When heart specialists put a new engine into an old Maxwell body, they tell the customer to drop by occasionally for monitoring. Wednesday it was time for my 6,000 mile checkup, so my copilot and I drove up to New York University's Medical Center.

While I was with the doctors, my wife had an opportunity to take inventory at several department stores and find out whether they stock any items not carried by their Washington branches. It turned out that they do, alas!

But I disgress. I chose to drive up this time because I wanted to check on two points: Was Charles Kuralt right about truck drivers? And is the 55-mile-an-hour speed limit really being universally ignored?

One round-trip of less than 500 miles does not provide an irrefutable basis for forming an opinion about nationwide driving havits. However, what little I saw indicated that there are few people on the highways who drive at a steady 55 miles an hour.

Some, for example, think 40 or 45 is a nice rate of speed. The "pace" favored by most is usually between 58 and 60, not only for pleasure cars but also for trucks that can maintain such pace. On upgrades, many trucks can't go as fast, but most pleasure cars, which could remain at a steady speed, also slow down because their drivers fail to compensate for the upgrade.

Some vehicles move at 65. Now and then somebody flashes by at perhaps 70. But if you see four or five like that during a four-hour journey, you also see four or five pulled over by troopers who are writing tickets. The biggest difference between truckers and other drivers appeared to be that scofflaws in trucks were more noticeable. The bigger the vehicle, the more villainous the driver, or at least so it seemed.

Another point about going to New York by auto is worth mentioning. On the Maryland portion of I-95 (the John F. Kennedy Memorial Highway), regular gas is 64.9 cents a gallon. On the New Jersey Turnpike, the same gas is 60 cents a gallon -- 4.9 cents a gallon cheaper. On a tankful, the saving is around a dollar.

If you arrive at the Lincoln Tunnel with two quarters in hand to pay the toll, you'll get a jolt. The fee to enter New York by tunnel is now $1.50.

However, they don't charge you anything to leave, so the actual cost can be stated as 75 cents each way -- a mere 50 percent increase over the old rate. What's 50 percent these days?

As soon as you emerge from the tunnel into Manhattan, you'll be struck by the snow and the huge mounds of trash that line most streets. My mind went back to a reader's explanation many years ago that if a combination of smoke and fog is smog, then a combination of snow and dirt is snirt. Manhattan now needs a new word -- perhaps "snash."

At dinner that evening, Bob Wolff and his ever youthful Jane informed us that city authorities had explained to New Yorkers that snow and trash couldn't be removed at the same time, "so the trash just had to pile up and wait." And boy, is it ever waiting! I heard one newscaster mention 80,000 tons, but he must have been talking about one specific street.

As you move across the island from west to east along 42d Street, you see theater marquees that proclaim "Live Sex Acts On Stage" and describe a variety of even more depraved entertainments available inside. The visitor is left to wonder whether 42d Street's porno industry isn't dirtier than its combination of snirt and snash.

We finally reached a clean environment at the NYU Medical Center, where several eminent doctors told me the engine is running fine and I shouldn't even think about retiring. I didn't accuse them of a conflict of interest, but I happen to know how they feel about people who help raise money for hospitals. They're not about to let me waste my time playing golf.
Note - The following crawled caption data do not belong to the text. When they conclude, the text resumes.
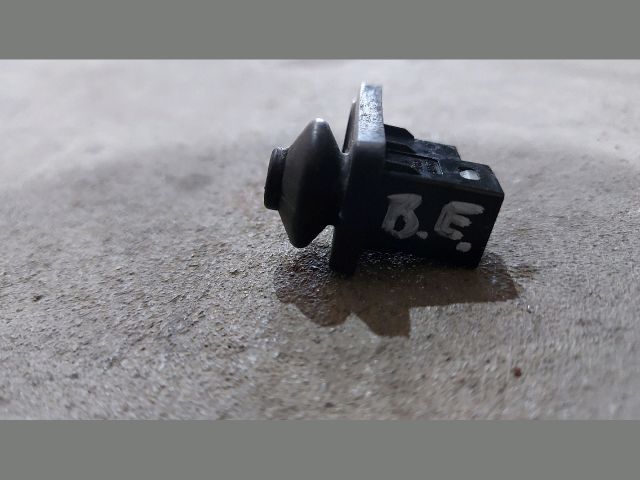 bontott KIA CEED Bal első Ajtó Nyitás Érzékelő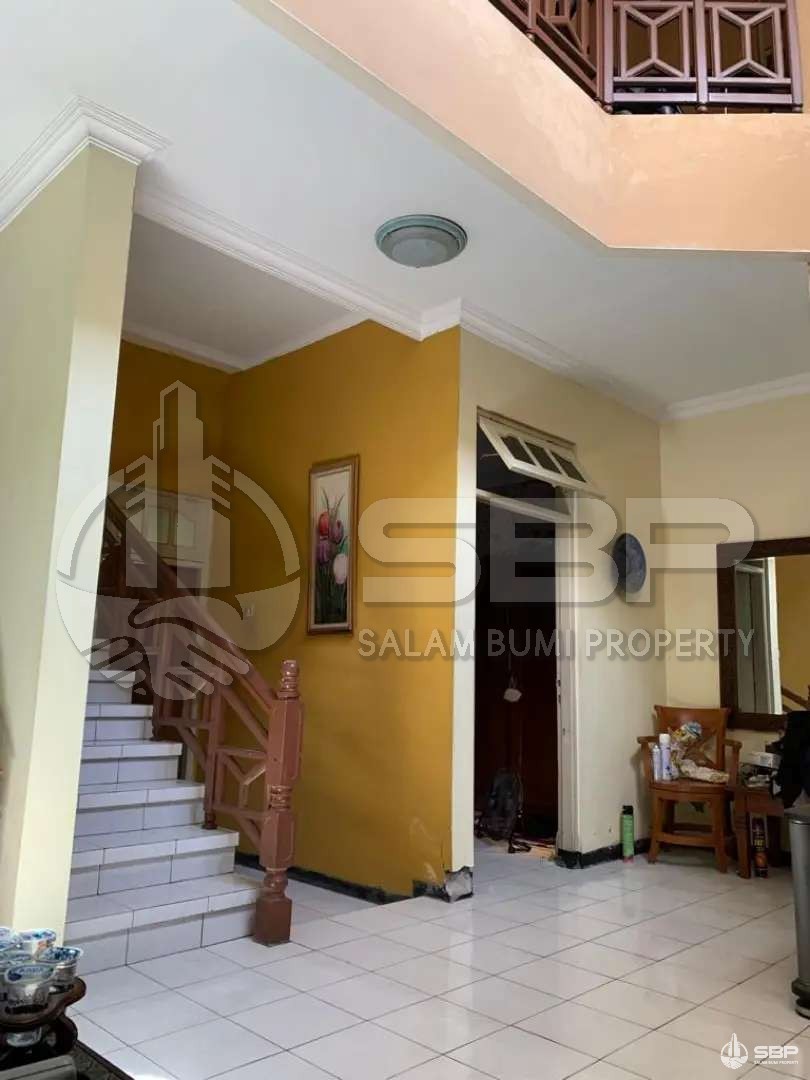 Rumah Megah Perum dkt Hartono Mall condongcatur dlm Ringroad-7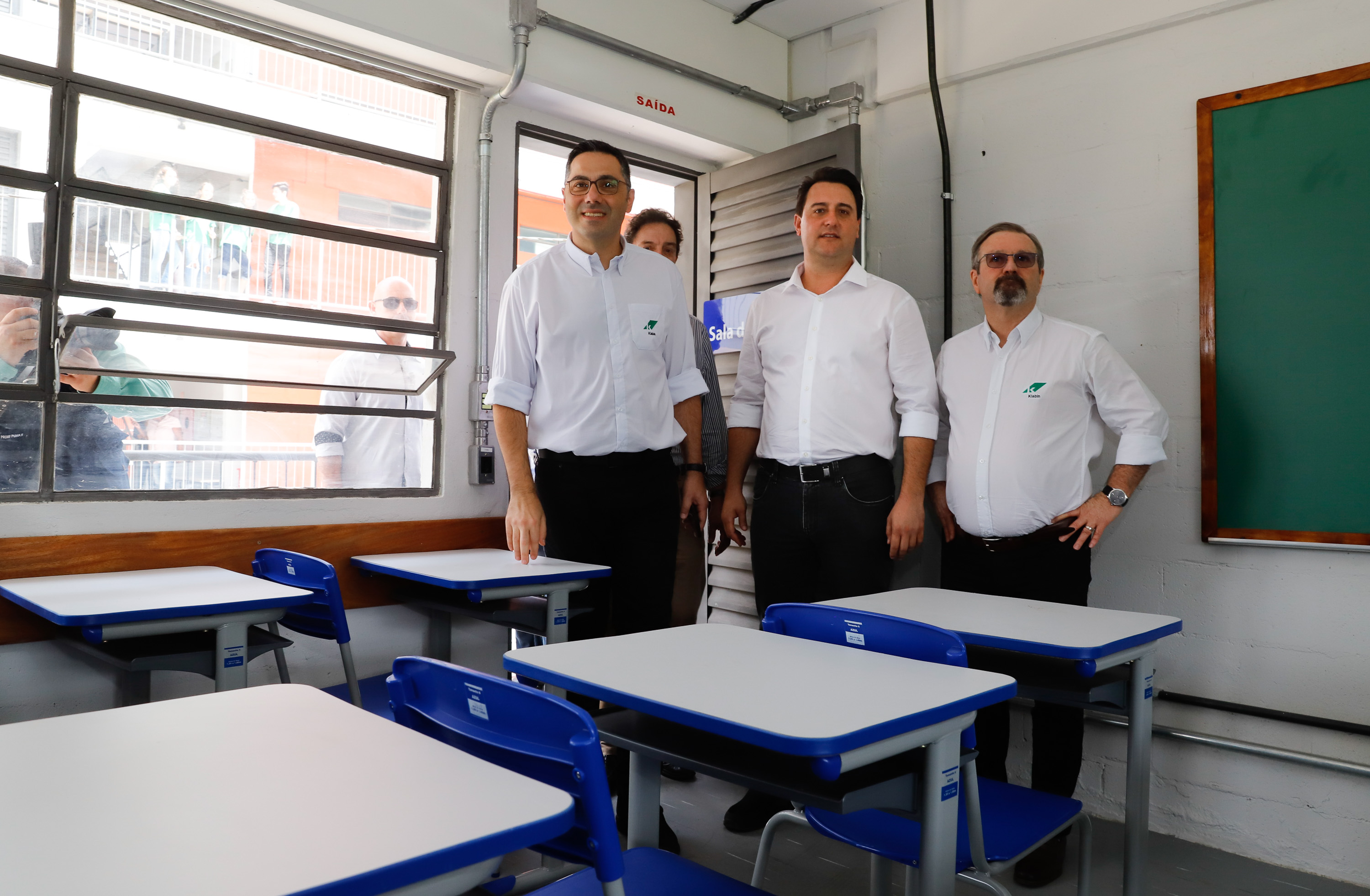 O governador Carlos Massa Ratinho Junior inaugurou nesta sexta-feira (31) a primeira escola técnica de operação florestal do Brasil, em Ortigueira, nos Campos Gerais. O Centro Estadual de Educação Profissional Florestal e Agrícola é fruto de uma parceria entre o Governo do Estado, a Klabin e a prefeitura. O investimento total foi de R$ 35 milhões, sendo R$ 12 milhões repassados pela Secretaria da Educação e do Esporte.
As a young doctor prepared to listen to my heart (NYU is a teaching hospital), I remarked that at times one doesn't need a stethoscope to hear the plastic valve they gave me. "My friend," the cardiologist commented, "the time to worry is when you stop hearing it."

I suppose a quick way to summarize the report I got is: If I die of anything in the near future, it's not likely to be heart trouble.

The engine doesn't purr; it sounds more like the "slap" of a diesel. But it works, and that is more than can be said of my brain on some mornings.

Perhaps I should have asked them whether they also do brain transplants.